━━ Data extract ━━
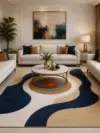 Modern abstract hand tufted rug in navy blue, cream and beige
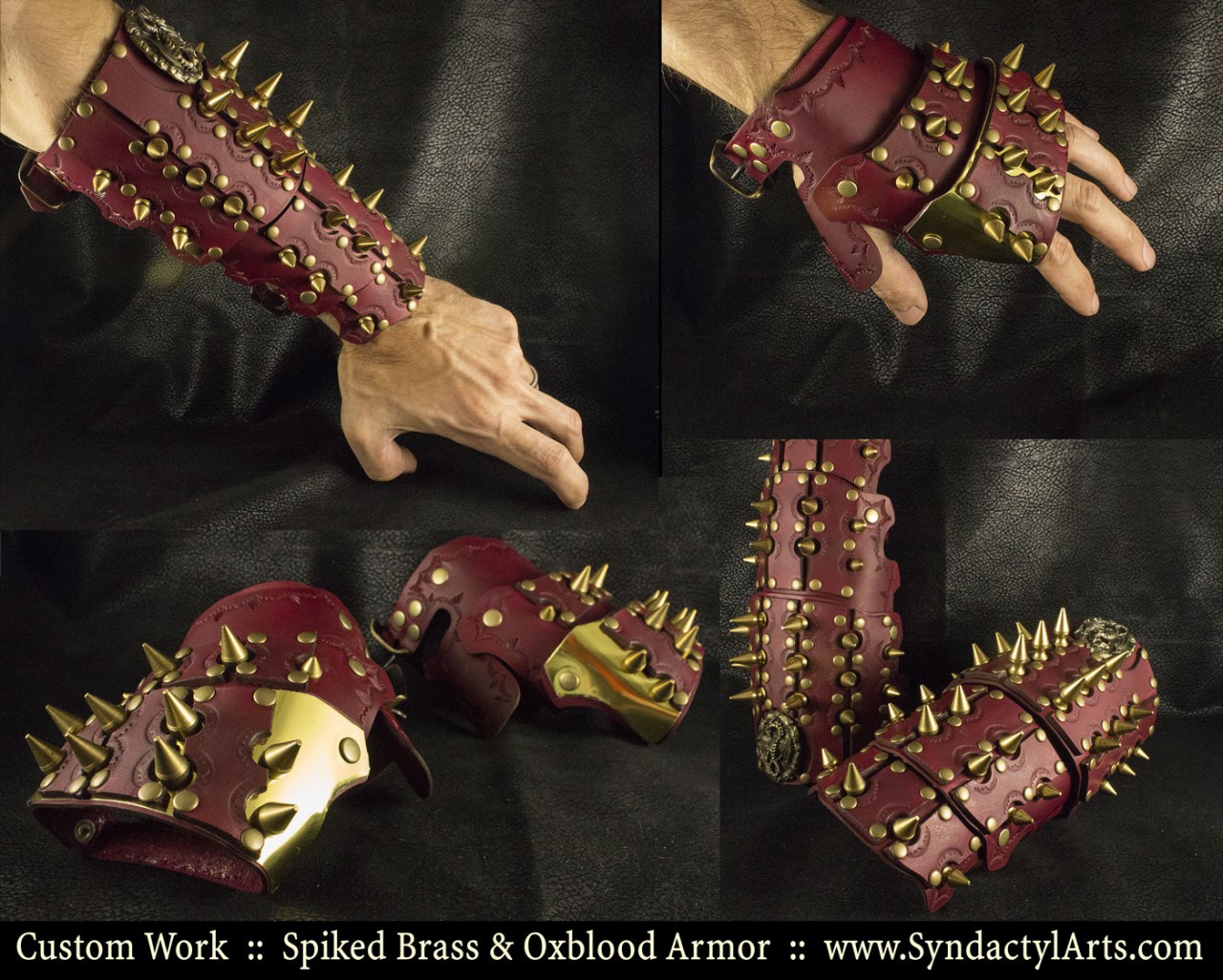 Spiked Brass & Oxblood Gauntlets and Bracers :: by ChaoSeven -- Fur  Affinity [dot] net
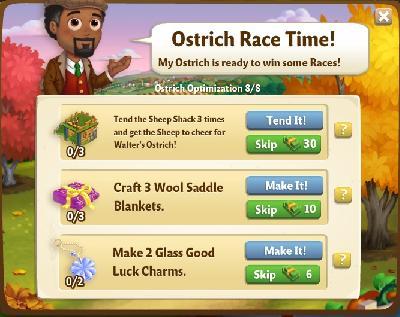 farmville 2 ostrich optimization: ostrich race time tasks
━━━
▸ What you have to do
Print the lines from the one that contains "Spiked Brass &" through the last line of the data, exactly and in full, and no other lines. Pictures are not part of the copy.

▸ Answer section
 Spiked Brass & Oxblood Gauntlets and Bracers :: by ChaoSeven -- Fur  Affinity [dot] net
 farmville 2 ostrich optimization: ostrich race time tasks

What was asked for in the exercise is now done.